Although it is generally quite flat, hence its name, the island is flanked to the south-west by a craggy bluff topped by small volcanic outcrops culminating at about a hundred metres with a precipitous drop into the ocean.



Pigeon House Rock


The narrator in The Quarantine, Léon Archambau, gives a clear summary of its geological origins. “Born of the mighty volcanic surge that raised the ocean floor ten million years ago, the island was first linked to Mauritius by an isthmus that slowly sank into the Ocean.” (Q, 53). On the highest part of the island is found a lighthouse with a circular tower, one of the two still in use in Mauritius. Built in 1855, its beacon, which is now automated and powered by solar panels, has a visibility range of about 45 kilometres.





View of Snake Island and Round Island from Gabriel Island


The island harbours the ruins of a lazaretto built during the French colonial administration in 1807, a cemetery, as well as the remains of the various buildings that made up the quarantine station set up by the British in the 19th century. Between 1834 and 1925, following the abolition of slavery, the British colonial authorities brought indentured labourers, otherwise known as coolies, from India to Mauritius to provide an abundant, amenable and cheap labour force to work on the Mauritian sugar estates, in other words a traffic in human beings which would give rise to serious abuse. For reasons of public hygiene, the local authorities obliged the new arrivals, mainly the coolies who were treated like pariahs, to stay for a period of time in the barracks on Flat Island because of the smallpox and cholera epidemics that were rampant throughout the Indian peninsula. The narrator writes: “Jacques told me about the thousand immigrants who had come from Calcutta on the brig Hydaree, and who were dumped on Flat Island because both smallpox and cholera were present on the ship. […] Nearly all of them died from illness and deprivation.” (Q, 149). The island served later as a quarantine station for livestock imported to Mauritius.

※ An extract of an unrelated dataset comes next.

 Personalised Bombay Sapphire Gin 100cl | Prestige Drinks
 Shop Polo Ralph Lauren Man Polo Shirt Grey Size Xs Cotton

Today, Flat Island has become a nature reserve. In 1998, cats, mice and rats were all eradicated and there are now no rodents or herbivorous mammals there. At present uninhabited, the island harbours a temporary station for the Mauritian coast guards and welcomes day visitors coming over in catamarans. Its endemic flora is very rich while the forest cover of exogenous species occupies some thirty hectares. In 2002, work was started to restore the indigenous plants and fight against invasive species. The botanist, John Metcalfe, one of the characters in the story who falls victim to the quarantine, writes his observations in his “botanist’s diary” (Q, 60 et al.). His knowledgeable discoveries of plant varieties and medicinal plants that actually grow on the island punctuate the novel.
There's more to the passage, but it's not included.